(Work task)
Each line from the one holding "CANDLER HILLS - Residential" to the last line of the listing must be set down exactly. No pictures are to be included.

(Dataset content)
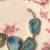 Blue Agate Druzy Geode Slice Bracelet: 24k GEP Jewelry 4 thumbnail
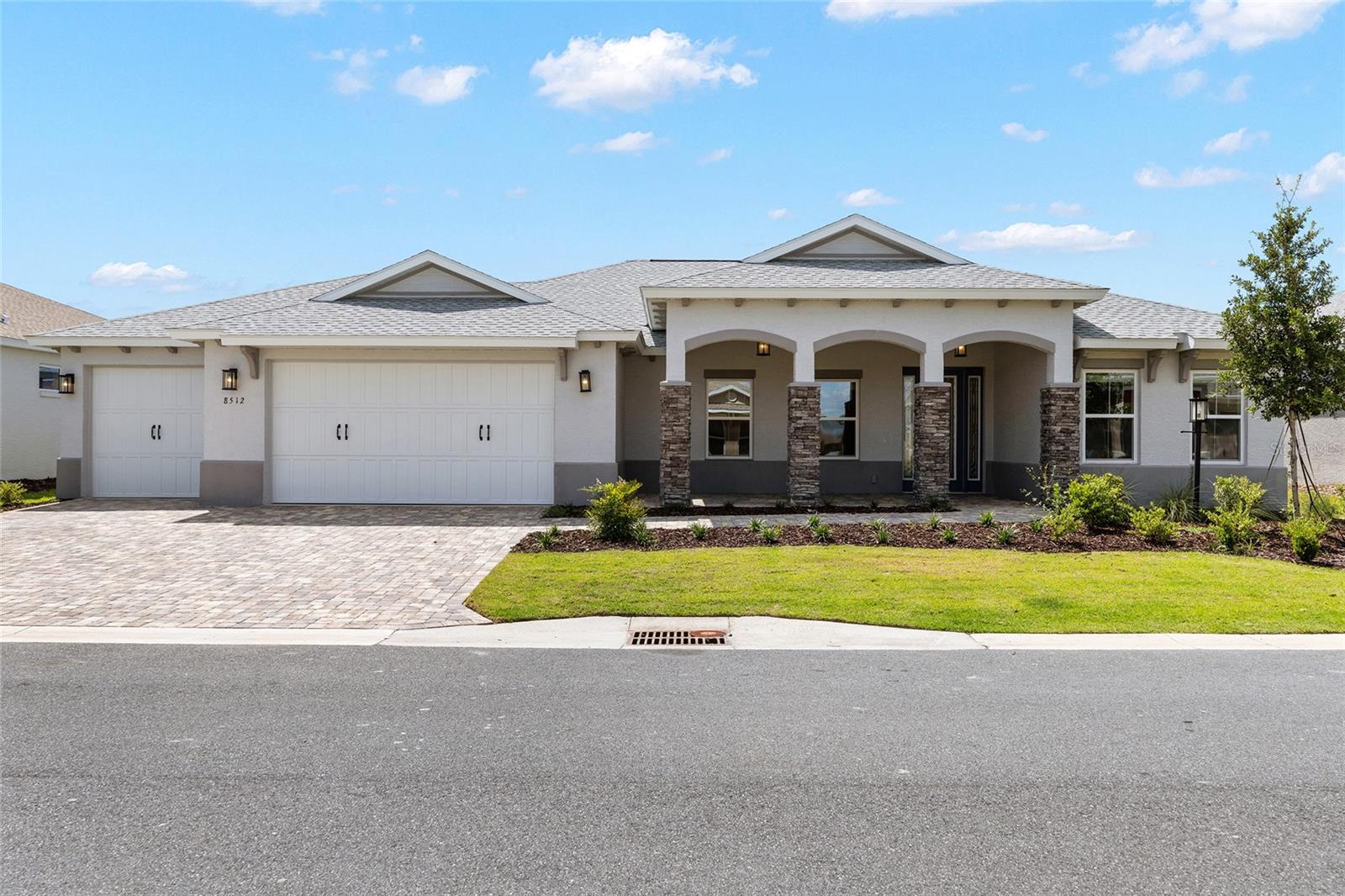 CANDLER HILLS - Residential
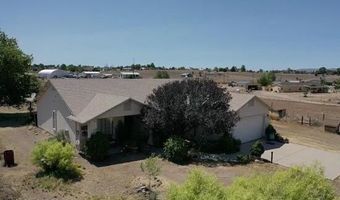 21800 N Windy Hill Ln, Chino Valley, AZ 86323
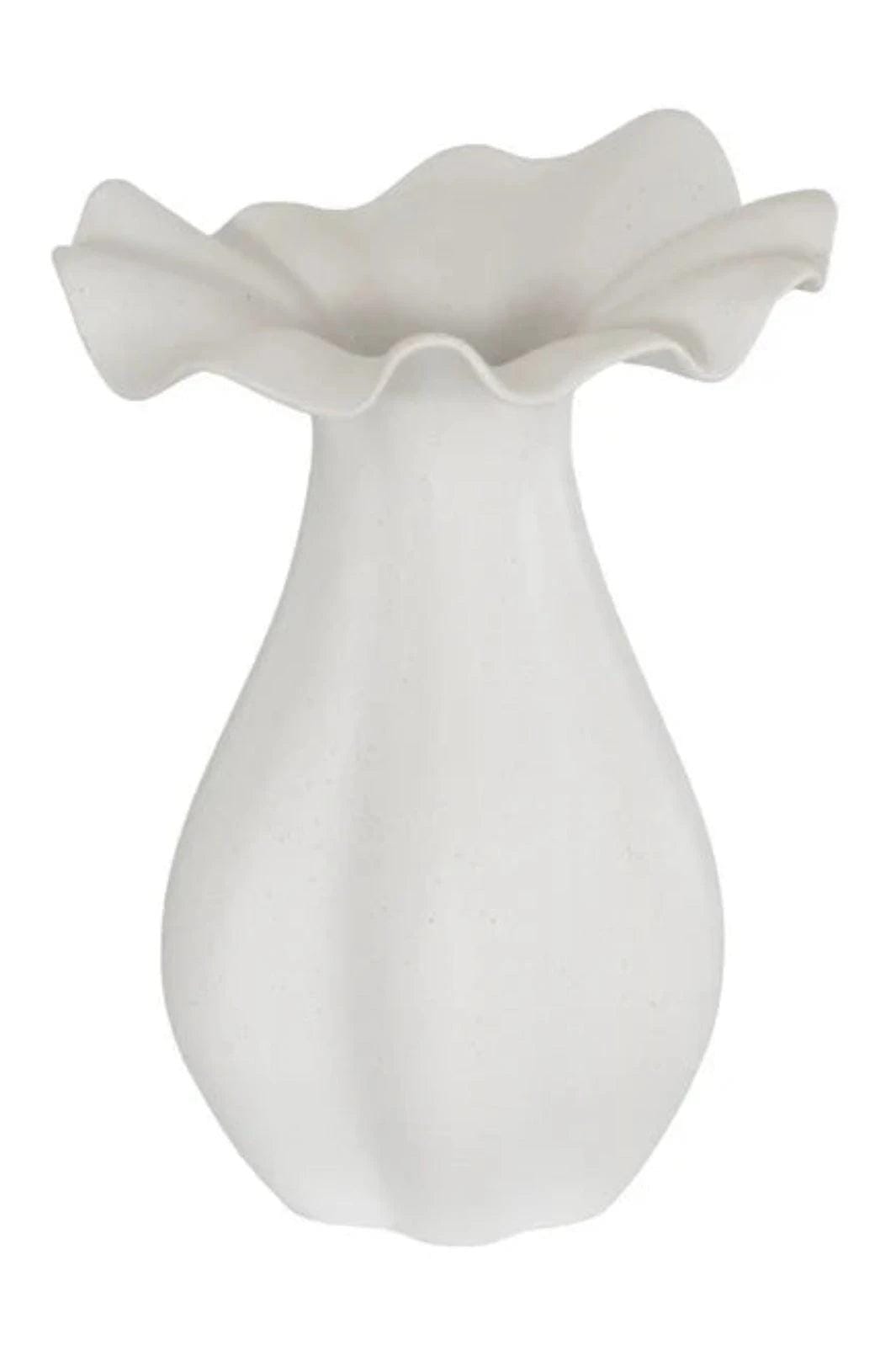 Specktrum - Nellie Vase - Off White | Stor 3373 Vaser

(Solution for this problem)
 CANDLER HILLS - Residential
 21800 N Windy Hill Ln, Chino Valley, AZ 86323
 Specktrum - Nellie Vase - Off White | Stor 3373 Vaser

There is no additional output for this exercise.